Selection criteria for patients
Inclusion criteria were (1) patients diagnosed schizophrenia using ICD-10, (2) symptomatic at the time of interview, and (3) patients reporting with relative. Exclusion criteria were (1) patient with concurrent medical illness; (2) patients brought by police; (3) patient from protection homes/orphanages; and (4) patients reporting alone.

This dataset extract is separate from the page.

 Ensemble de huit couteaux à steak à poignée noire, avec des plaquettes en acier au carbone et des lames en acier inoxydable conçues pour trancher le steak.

Selection criteria for caregivers
Inclusion criteria were (1) age >18 years and (2) staying with patient for at least 1 year before the interview. Exclusion criteria was nonconsenting caregiver.
Collection of data
Eighty-five patients and caregivers satisfied the selection criteria and were included in the study. Data were collected by personal interview of the patient and the caregiver. Written informed consent was taken from the patient and caregiver whereever possible after explaining about the study in their local language. When the patient could not understand the nature of his/her illness and/or the study, only the caregiver's consent was taken. A pro forma specially designed for the purpose of the study was administered to the patient and the caregiver. Information regarding the demographic and illness details was obtained. For the purpose of the study, noncompliance to treatment was defined as patient not taking medication for duration of >2 months in the past 1 year period. Negative and positive symptoms were assessed using Scale for Assessment of Negative Symptoms (SANS) and Scale for Assessment of Positive Symptoms (SAPS), respectively. Caregivers' demographic details were obtained. BAS  was administered to the caregivers by personal interview.
Tools used in the study
Scale for Assessment of Negative Symptoms 
This assesses negative symptoms, consists of five scales to evaluate five different aspects of negative symptoms: alogia; affective blunting; avolition-apathy; anhedonia-asociality; and attentional impairment. Each of these symptoms can be assessed globally. It has a total of 25 ratable items which are scored between 0 (none) and 5 (severe). Hence, score ranges from 0 to 75.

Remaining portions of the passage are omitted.